In the transaction, Discover Bank will acquire: (i) the beneficial interests in securitization trusts formed for the purpose of holding the private student loans associated with public securitization transactions issued out of the SLC Private Student Loan Trust 2006-A, and private securitization transactions issued out of the SLC Private Student Loan Trusts 2010-A and 2010-B (collectively, the “Loans”), which Loans had an estimated book value at June 30, 2010 of approximately $4.2 billion, (ii) the cash reserves held in the securitization trusts associated with the Loans and (iii) certain fixed, tangible and intangible assets including, without limitation, SLC’s student loan origination business. The Company estimates that approximately 70% of the Loans are covered by insurance, and approximately 65% of the Loans are in repayment. Discover Bank will also effectively assume securitization debt of approximately $3.4 billion associated with the Loans.

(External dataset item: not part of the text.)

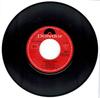 7-дюймовая пластинка BEE GEES  Tomorrow Tomorrow  Sun In My Morni 56331 Polydor 1969 UK Rock Б/у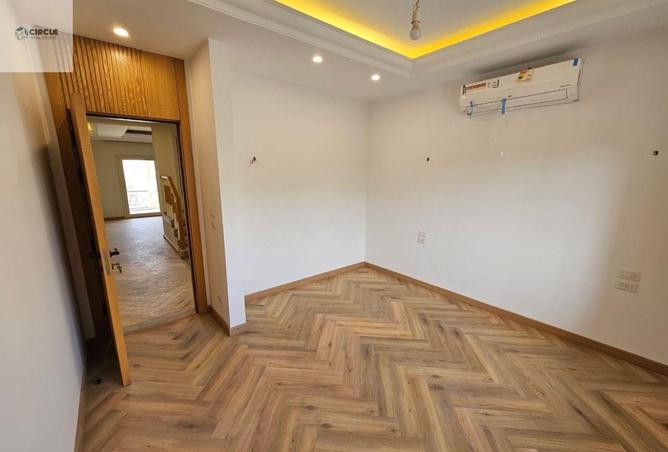 8621199 - Property Image 3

Concurrently with the entry into the Merger Agreement, Discover Bank also entered into a Purchase Price Adjustment Agreement and an Indemnification Agreement with Citibank. Under the Purchase Price Adjustment Agreement, Citibank has agreed to pay Discover Bank the amount, if any, by which the aggregate Merger Consideration exceeds the closing purchase price of the securitization trust certificates, plus the absolute value of all reimbursable liabilities, less all cash or cash equivalents reflected on the closing balance sheet (excluding any cash and cash equivalents taken into account in determining the closing purchase price of the securitization trust certificates). If the aggregate Merger Consideration is less than such amount, Discover Bank would make a payment to Citibank. The Company expects that Citibank will be required to make a purchase price closing adjustment in the form of a cash payment to Discover Bank in the amount of approximately $150 million. Under the terms of the Indemnification Agreement, CitiBank has agreed to indemnify Discover Bank for liabilities and losses arising from and relating to (i) SLC’s asset sales to Sallie Mae and Citibank, (ii) failure of the issuers of the insurance policies covering the Loans to perform their obligations, and (iii) certain other events.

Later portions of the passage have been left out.